That could be a good thing, but I'm not convinced that the extremely sparse code is worth the (to me at least) extreme lack in readability.
Code golf can be fun in any language, but it seems few of us have gone back to writing other code and decided it's worth aiming for code that small. In fact, I've more than once rewritten code to be longer because it made it easier to read.
That said, there are good parts in terms of language constructs etc. that'd be worth learning from. If only it wasn't so incredibly annoying to decipher the code (yes, I'm sure it gets faster when you get used to it).
Just to be that guy. Yeah, it's cool that the language author built a text editor in under 50 lines, and there's a sort of geeky hacky appeal to trying to cram as much functionality as possible into as small a space as possible.
But what does it actually mean in terms of programming? How maintainable is "small code"? How readable is it? (Well, you answered that question already.) How hackable is it?
It's a curiosity, and a really fun one! But it's not practical.
I wouldn't say the code is really that small in its language context, which is why comparing code by lines is inherently fallacious.
It's just that a large percentage of languages are quite similar in how they're structured. Since Pascal and at least until Java/C#, most mainstream languages ended up roughly doing "one thing" per line. Quite often one function call or simple mathematical operation. Then each function or block of a larger one does one larger thing. And so forth.
Code and/or languages that break that paradigm are often confusing to "switchers" and thus often abandoned or maligned way too early.
But most often, they're just scanned differently.
Assembly would be the opposite end. It basically takes "do one thing per line" to the extreme. But quite often, experienced asm programmers scan the program by blocks, as some patterns are quite common or you find some constant/string to attach your focus to, then continue from there into the details.
Forth programmers obviously read slightly differently, due to the high level of decomposition and the stack based nature (fewer parameters).
Lisp looks a bit weirder at the first glance, but I wouldn't even say that it's read all that differently from the Algol family, if written imperatively enough.
Functional code, in almost any language, often has to be read differently, as a lot of things can happen in one line.
APL and some DSLs (regular expressions for example) are the opposite end of the spectrum. But line length would be the wrong axis to judge things, the amount of operations isn't necessarily that much smaller.

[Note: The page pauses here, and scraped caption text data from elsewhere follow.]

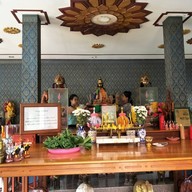 บรรยากาศ ตลาดน้ำพันท้ายนรสิงห์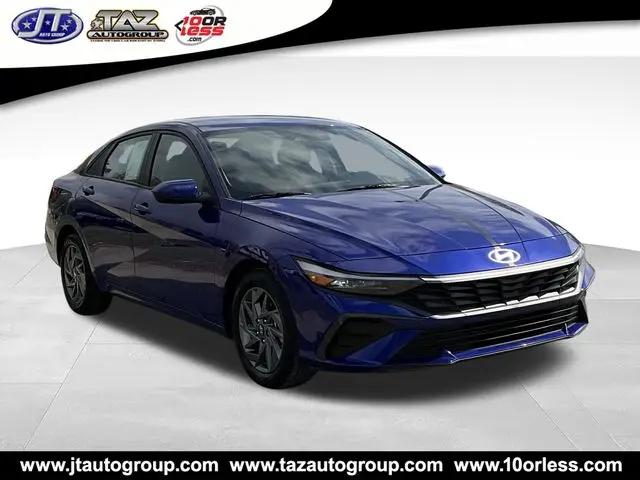 2024 Hyundai Elantra SEL for sale in Sanford, NC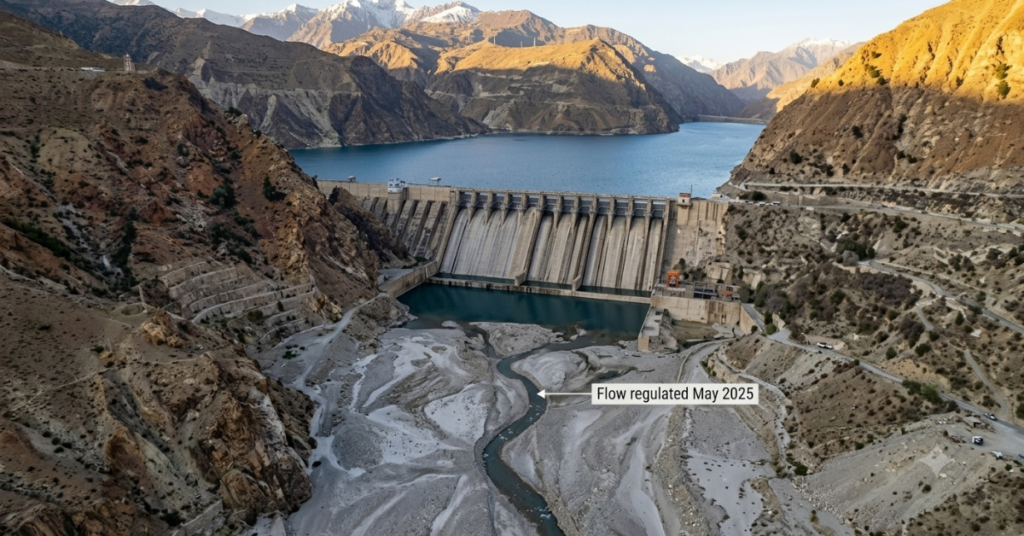 Indus Water Treaty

Data exchange (arrays vs. stacks vs. function parameters) is the bigger change, as is symbolic density (APL symbols vs J shorthand vs. function names vs. HiHowYouDoingIAmAnAbstractJavaBeansFactoryConsumerImplementationNiceToMeetYou)
> But what does it actually mean in terms of programming?
Without trying to be too trite, what does this question mean in terms of English?
> How maintainable is "small code"?
Once you get the hang of it it's as maintainable as any other code base
> How readable is it? (Well, you answered that question already.)
There is a learning curve, but the code is actually reasonably readable. It takes time to get used to many operations occurring in one line but there are benefits (eg you can see everything that the CTRL-Z function for undo does at a glance).
> How hackable is it?
Again, I'm not sure what you're asking here.
The editor is very bare bones so isn't a great example of production code. In a real system generally people are a bit more verbose.
But super-compact code could be very practical/readable/hackable, as long as there's the prerequisite knowledge. Fewer symbols means less complexity to parse. This works, provided that those symbols map to powerful operators that can be really understood and effectively combined to produce the desired outcome.
And there's no need to scroll: perceive everything in one glance!
If you are looking for an interesting project that uses terminal input modes try writing a command line utility that reads in a password correctly. (eg. Masks the password input so it does not appear on screen whilst it is being typed, prevents someone from scrolling up in terminal and copy/pasting the typed password and zeros out the password after use to prevent it being visible in process address space).
It is surprisingly tricky to get right. There used to be a POSIX function in the c standard library - "getpass" to handle this but the implementation was not thread safe and thus it was depreciated from posix spec - the only portable way I know to do this is to "roll your own code" using termios - not ideal.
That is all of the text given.